Supplied data
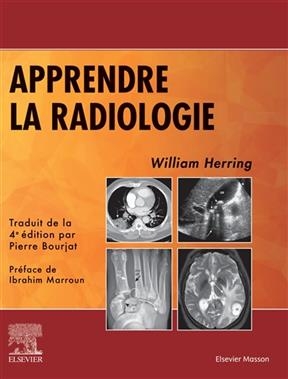 Apprendre la radiologie - William Herring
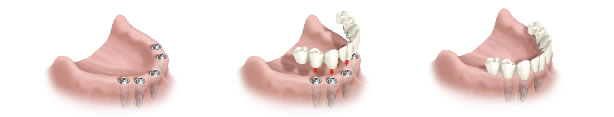 rehabilitacion de arcada inferior completa con implantes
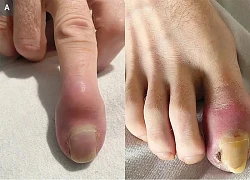 Người đàn ông bất ngờ phát hiện bị "ăn mất" ngón tay sau 6 tuần sưng đỏ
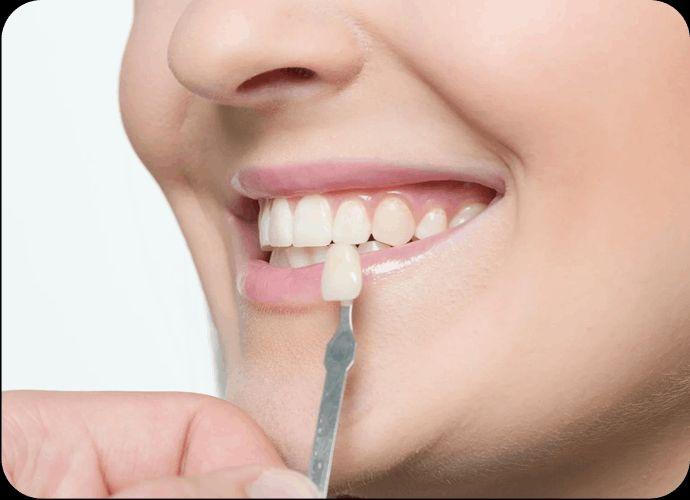 Transform Your Smile with The Smile Spa  Expert Smile Makeover Dental Clinic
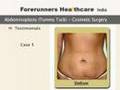 Tummy Tuck (Abdominoplasty)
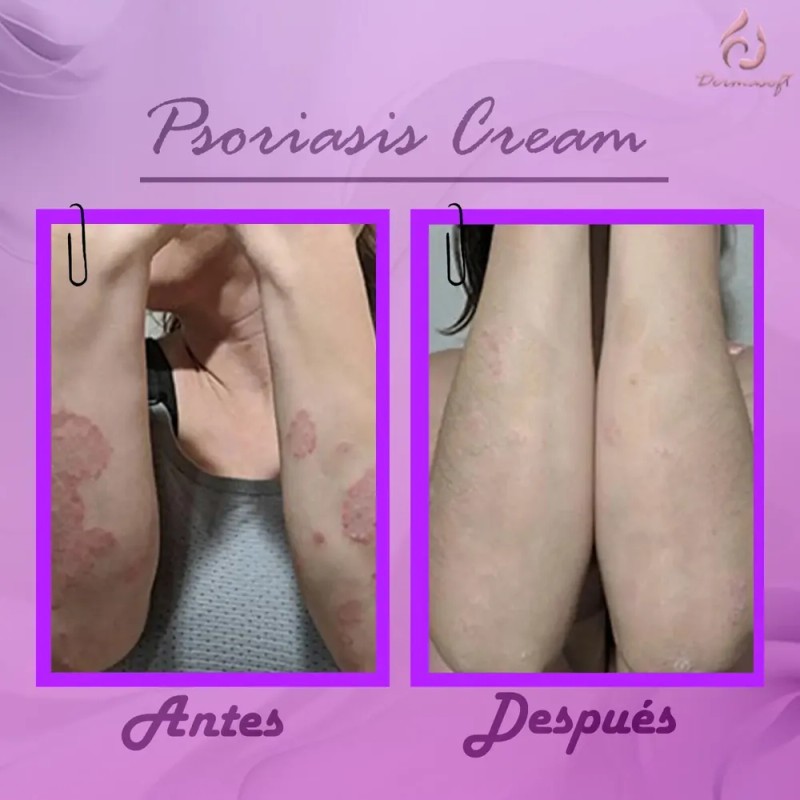 Crema Facial & Corporal Psoriasis Cream Hidratante Aliviante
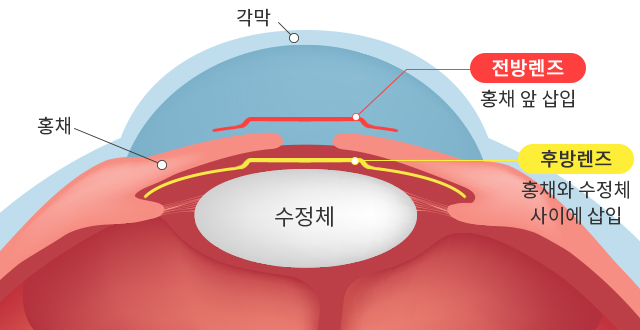 렌즈삽입술이란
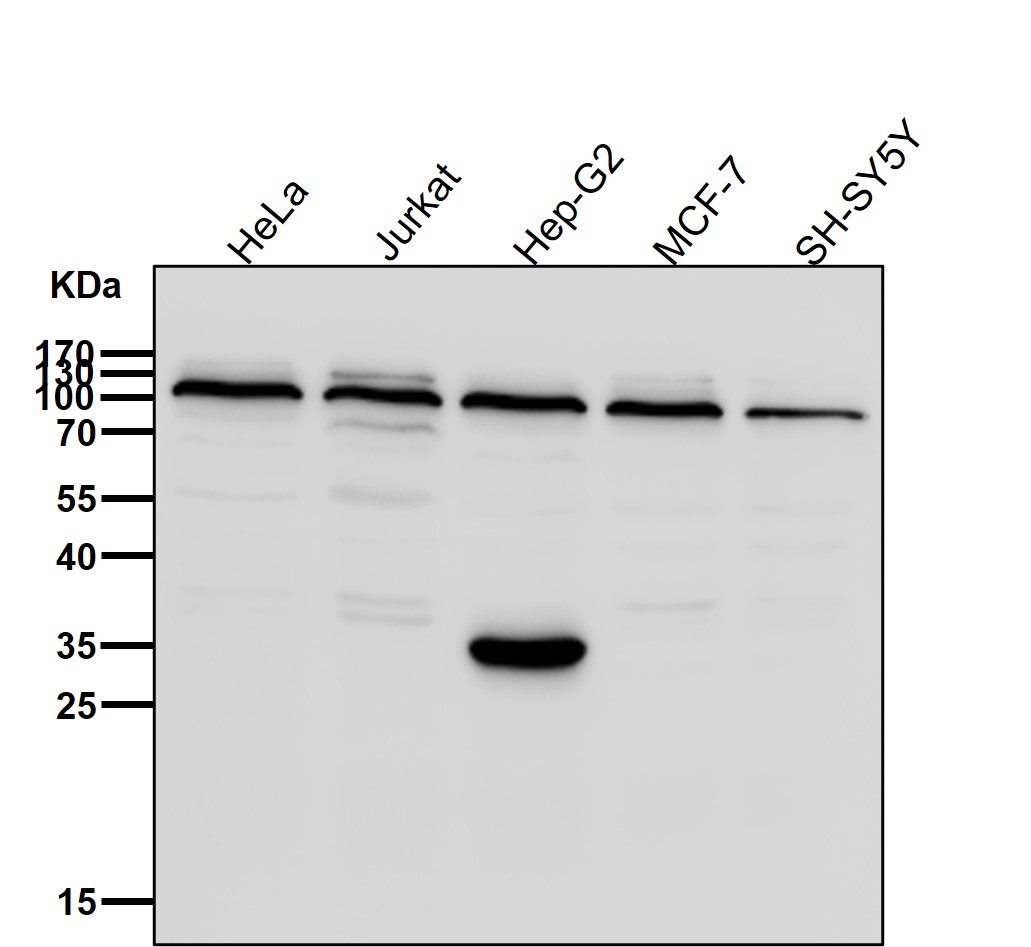 Disks large homolog 2 Ab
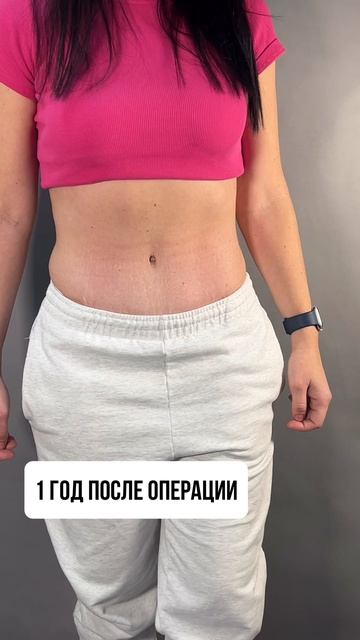 Абдоминопластика.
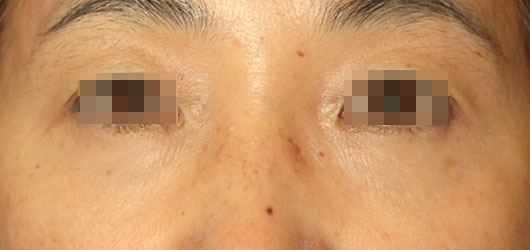 【50代女性】肌の再生医療による目の下のクマの治療 症例写真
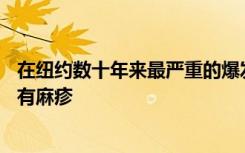 在纽约数十年来最严重的爆发中，一个人感染了另外21人患有麻疹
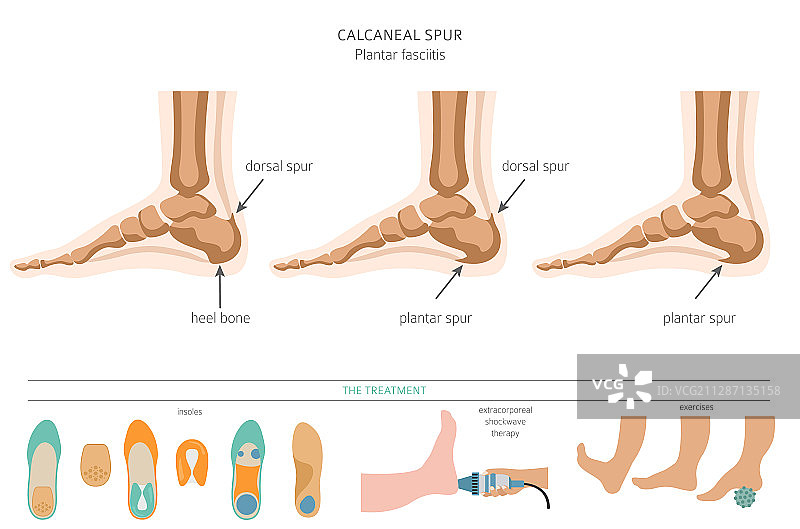 跟骨骨刺足底筋膜炎医疗套装图片素材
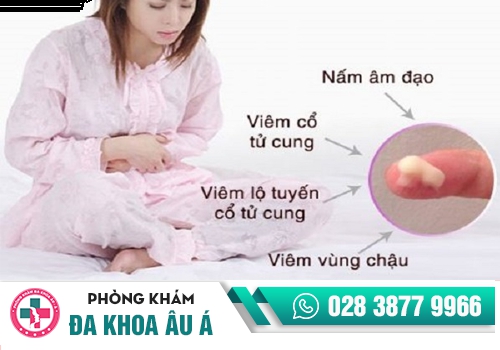 5 BỆNH PHỤ KHOA MÀ NỮ GIỚI HAY MẮC PHẢI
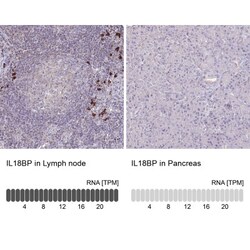 IL-18 BPa/IL18BP Antibody, Novus Biologicals:Antibodies:Primary Antibodies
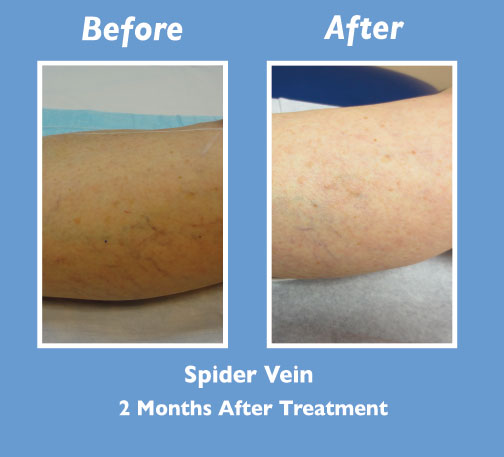 Before and After Spider Vein Treatment by Dr. Normand Miller, Salem, NH and Nashua, NH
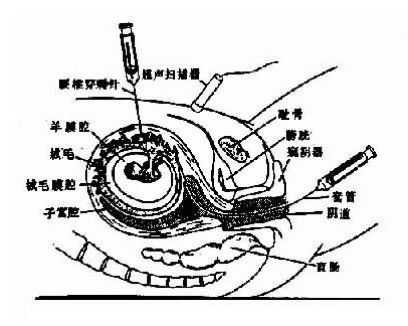 抽胎儿绒毛(抽取胎儿绒毛怎样抽取) 第2张 抽胎儿绒毛(抽取胎儿绒毛怎样抽取) 第2张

Description of the task
Omit the images; transcribe the listing verbatim.

Answer for the task
 Apprendre la radiologie - William Herring
 rehabilitacion de arcada inferior completa con implantes
 Người đàn ông bất ngờ phát hiện bị "ăn mất" ngón tay sau 6 tuần sưng đỏ
 Transform Your Smile with The Smile Spa  Expert Smile Makeover Dental Clinic
 Tummy Tuck (Abdominoplasty)
 Crema Facial & Corporal Psoriasis Cream Hidratante Aliviante
 렌즈삽입술이란
 Disks large homolog 2 Ab
 Абдоминопластика.
 【50代女性】肌の再生医療による目の下のクマの治療 症例写真
 在纽约数十年来最严重的爆发中，一个人感染了另外21人患有麻疹
 跟骨骨刺足底筋膜炎医疗套装图片素材
 5 BỆNH PHỤ KHOA MÀ NỮ GIỚI HAY MẮC PHẢI
 IL-18 BPa/IL18BP Antibody, Novus Biologicals:Antibodies:Primary Antibodies
 Before and After Spider Vein Treatment by Dr. Normand Miller, Salem, NH and Nashua, NH
 抽胎儿绒毛(抽取胎儿绒毛怎样抽取) 第2张 抽胎儿绒毛(抽取胎儿绒毛怎样抽取) 第2张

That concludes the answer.